Hi @EricSchreiner what is your disk cache size?

EricSchreiner commented 7 years ago

Hi @laa these are the parameters we use. Everything else is default


 Map defaultsMap=new HashMap<String, Object>();    
    defaultsMap.put("storage.keepOpen", false);     // Tells to the engine to not close the storage when a database is closed. Storages will be closed when the process will shutdown

    defaultsMap.put("tx.useLog", true);             // Transactions use log file to store temporary data to being rolled back in case of crash    
    defaultsMap.put("tx.log.synch", true);          // Executes a synch against the file-system for each log entry. This slows down transactions but guarantee transaction reliability on non-reliable drives
    defaultsMap.put("tx.commit.synch", true);       // Synchronizes the storage after transaction commit (see Disable the disk synch)

    defaultsMap.put("cache.level1.enabled", false); 
    defaultsMap.put("cache.level1.size", 0);
    // ES removed Feb 2015 seit ODB 2.0.0 nicht mehr nötig defaultsMap.put("cache.level2.enabled", false);
    // ES removed Feb 2015 seit ODB 2.0.0 nicht mehr nötig defaultsMap.put("cache.level2.size", 0);

    defaultsMap.put("nonTX.recordUpdate.synch", true);               // Executes a synch against the file-system at every record operation. This slows down records updates but guarantee reliability on unreliable drives
    defaultsMap.put("index.auto.rebuildAfterNotSoftClose", true);    // Auto rebuild all automatic indexes after upon database open when wasn't closed properly
    defaultsMap.put("mvrbtree.lazyUpdates", 1);                      // -1=Auto, 0=always lazy until explicit lazySave() is called by application, 1=No lazy, commit at each change. >1=Commit at every X changes

    OGlobalConfiguration.setConfiguration(defaultsMap); 
andrii0lomakin commented 7 years ago

@EricSchreiner I suppose it means that you have 4GB disk cache.
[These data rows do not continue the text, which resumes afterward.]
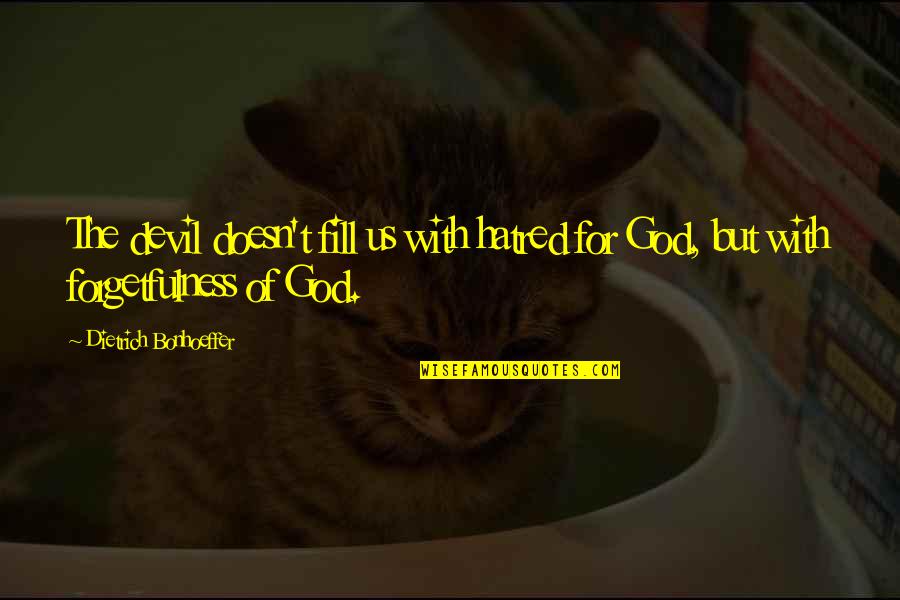 God With Us Quotes By Dietrich Bonhoeffer: The devil doesn't fill us with hatred for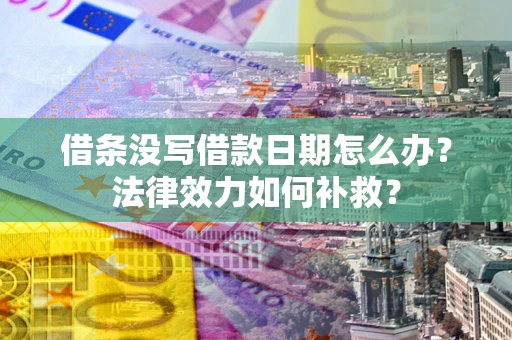北京借条没写借款日期怎么办?法律效力如何补救? 北京借条没写借款日期怎么办?法律效力如何补救?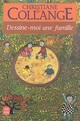  Achetez le livre d'occasion Dessine-moi une famille de Christiane Collange sur Livrenpoche.com 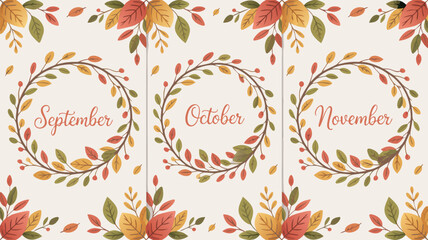 September, October, and November Autumn Leaves Wreaths with Month Names, Seasonal Design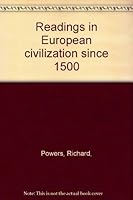 Readings in European civilization since 1500 B000V6ZFXK Book Cover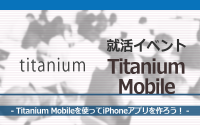[就活イベント]1日完結。現場のプロエンジニアのサポートのもと、Titanium Mobileを使ってiPhoneアプリを作ろう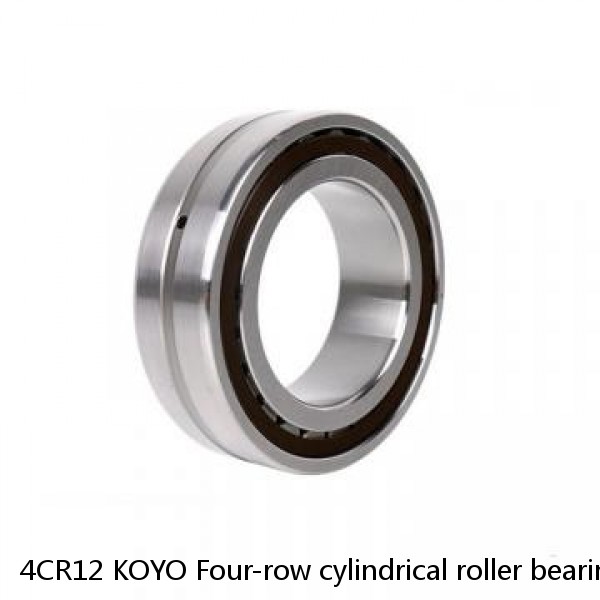 4CR12 KOYO Four-row cylindrical roller bearings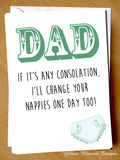 Dad If It's Any Consolation, I'll Change Your Nappies One Day Too!
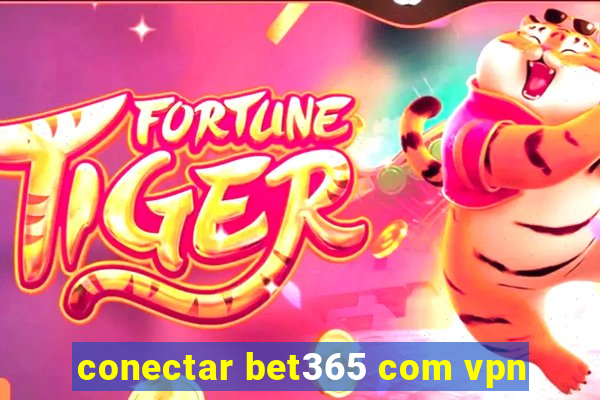 conectar bet365 com vpn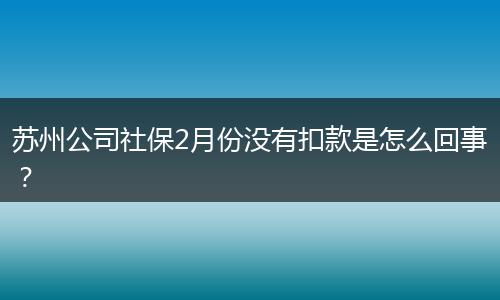 苏州公司社保2月份没有扣款是怎么回事？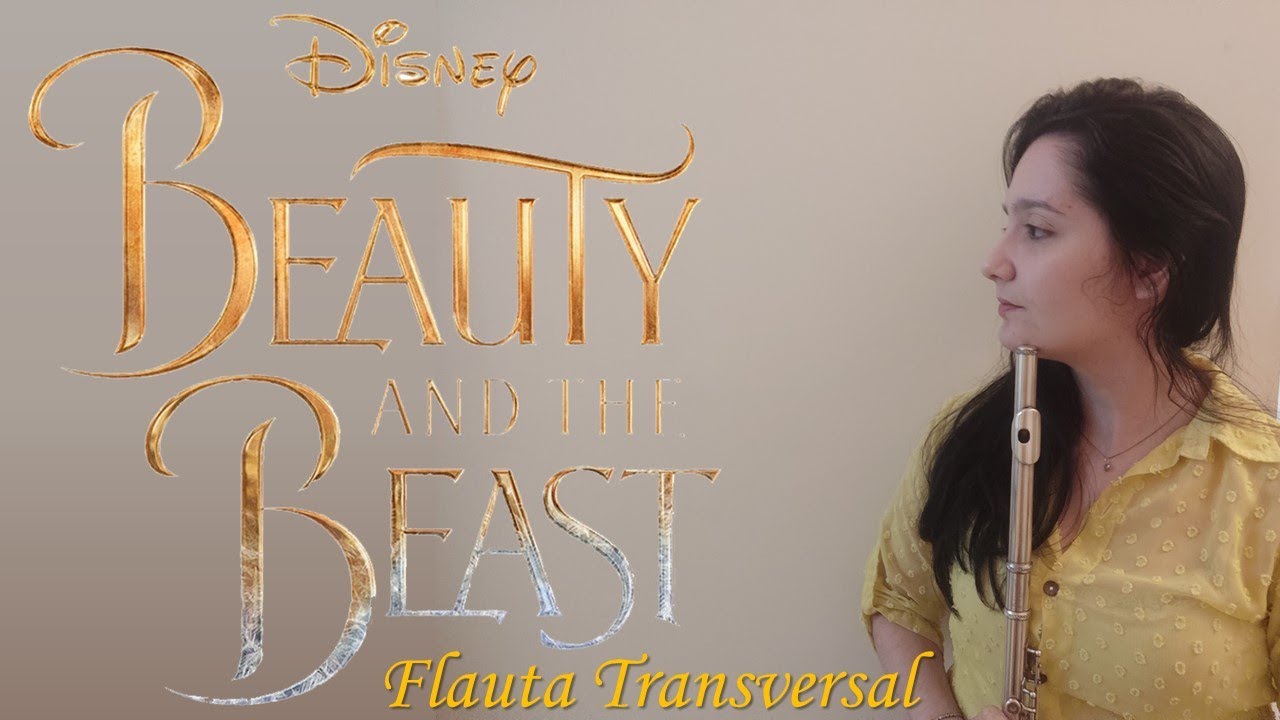 Beauty and the Beast - A Bela e a Fera - Cover (Flauta Transversal)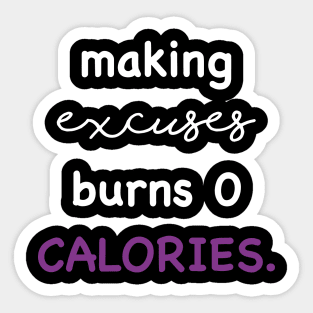 Making excuses burns 0 calories Sticker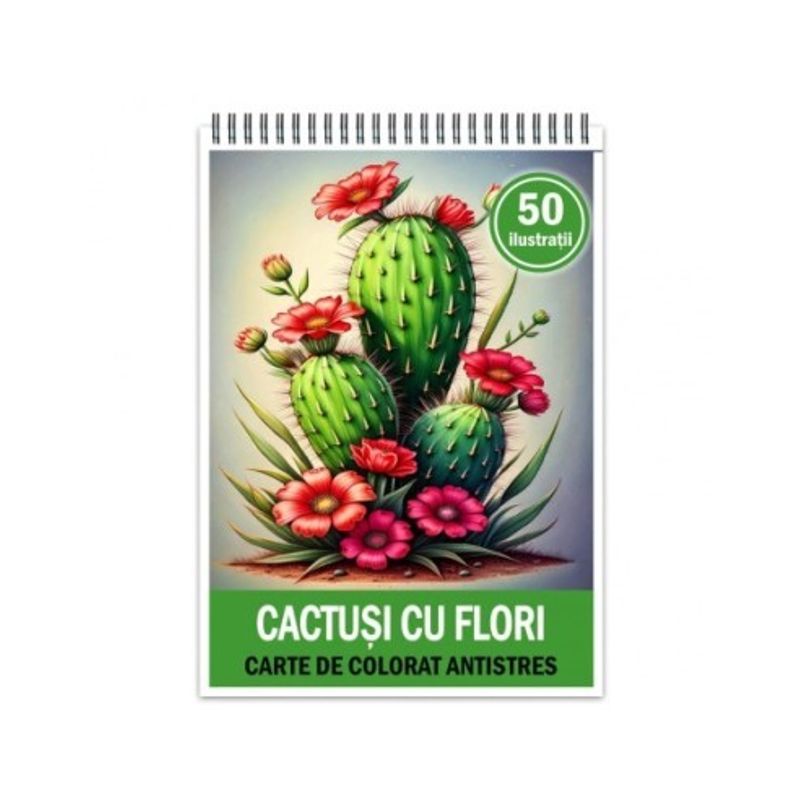 Carti si Birotica - Carti - Carti pentru copii - Carti de colorat - Carte de colorat antistres , 50 de ilustratii Cactusi cu Flori, 106 pagini, A5 - Infinity.ro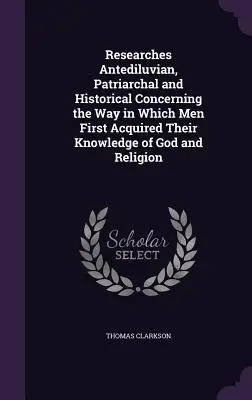 Předpotopní, patriarchální a historické bádání o způsobu, jakým lidé poprvé získali poznání Boha a náboženství. - Researches Antediluvian, Patriarchal and Historical Concerning the Way in Which Men First Acquired Their Knowledge of God and Religion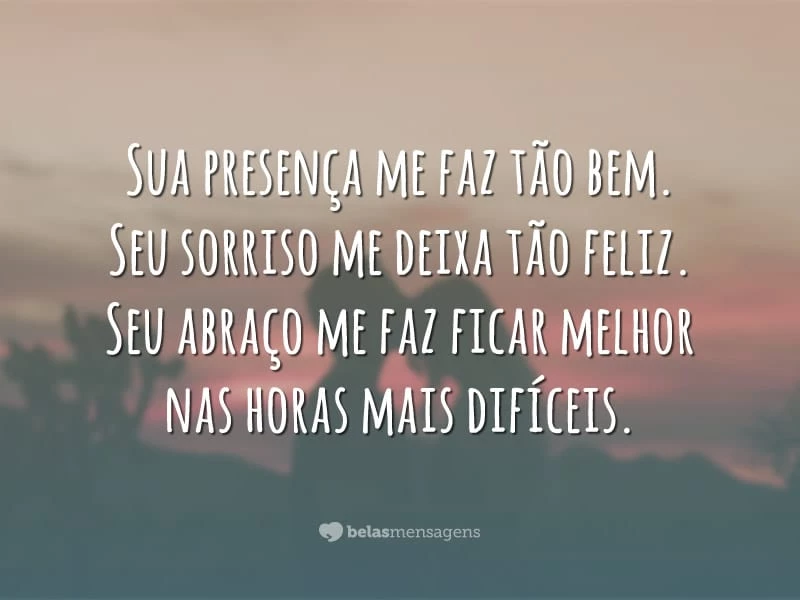 Sua presença me faz tão bem. Seu sorriso me deixa tão feliz. Seu abraço me faz ficar melhor nas horas mais difíceis.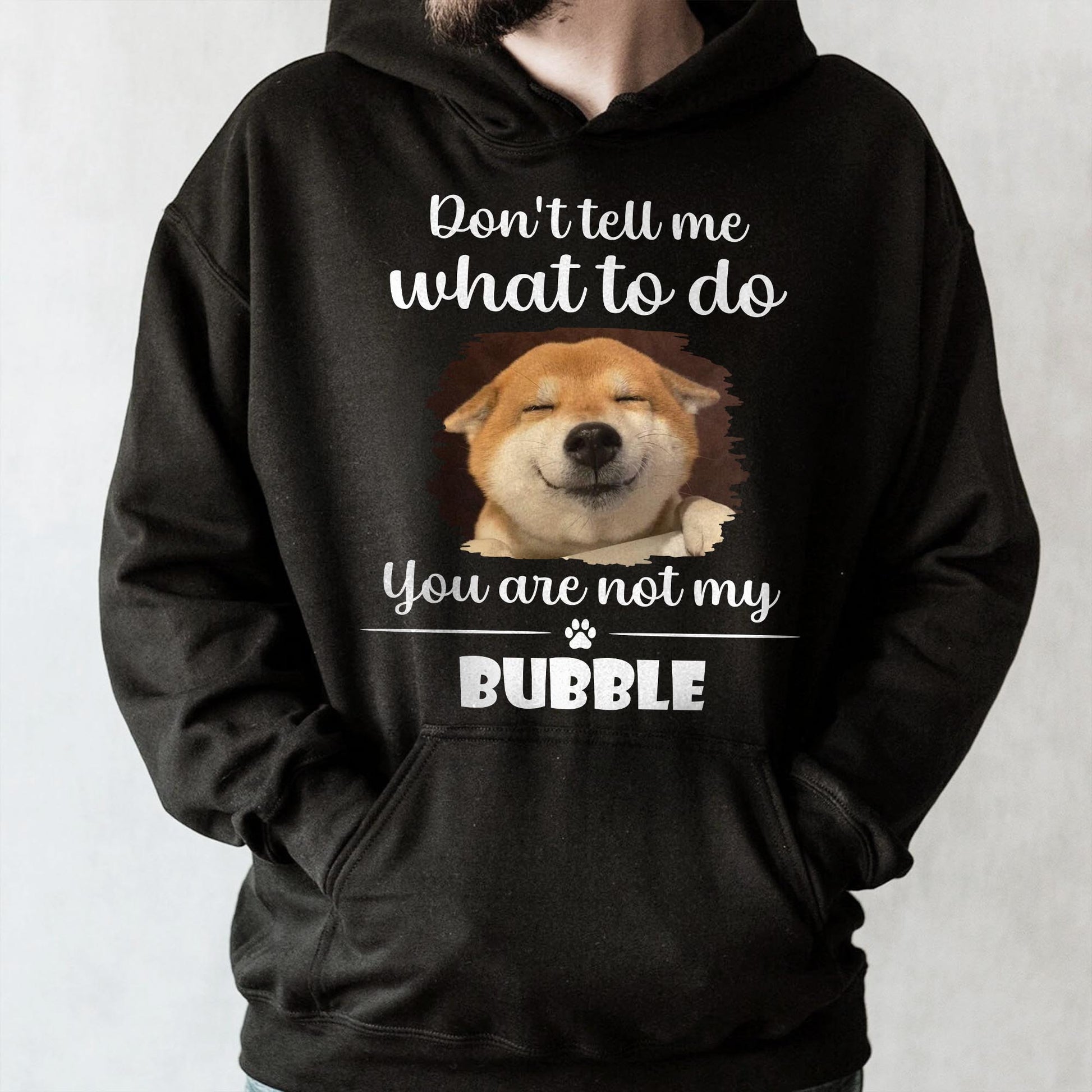 Don't Tell Me What To Do, You Are Not My Bubble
Which is above of capabilities of 32 JVM. Also, I strongly do not recommend to disable first level cache

About your settings:

defaultsMap.put("cache.level1.enabled", false); 
defaultsMap.put("cache.level1.size", 0)

it may cause a lot of strange exceptions in your application.

 defaultsMap.put("mvrbtree.lazyUpdates", 1); 

mvrbtree is removed long time ago from distribution and this parameter is not needed.

defaultsMap.put("nonTX.recordUpdate.synch", true);
defaultsMap.put("tx.commit.synch", true);

is the legacy of 1.x version of the implementation of txs and not used any more. So you can remove them too.

defaultsMap.put("tx.useLog", true);

is always true and can not be changed, even if you directly set it to false. So this parameter can be removed too.

defaultsMap.put("storage.keepOpen", false);     // Tells to the engine to not close the storage when a database is closed. Storages will be closed when the process will shutdown

is not valid anymore, this parameter is always true and can not be changed. The same for defaultsMap.put("tx.log.synch", true) . It is always true and can not be changed so you can remove it from a map.

Back to your main issue. I suggest you set com.orientechnologies.orient.core.config.OGlobalConfiguration#DISK_CACHE_SIZE to 800 (it means 800 MB) keep -XX:MaxDirectMemorySize=1G and I do suggest you set DISK_CACHE_SIZE parameter directly not through OGlobalConfiguration.setConfiguration(defaultsMap) call.

P.S. BTW what is your expected DB size, according to tests which you already performed do you already have some expectations. By DB size, I mean size on disk in GBs or MBs?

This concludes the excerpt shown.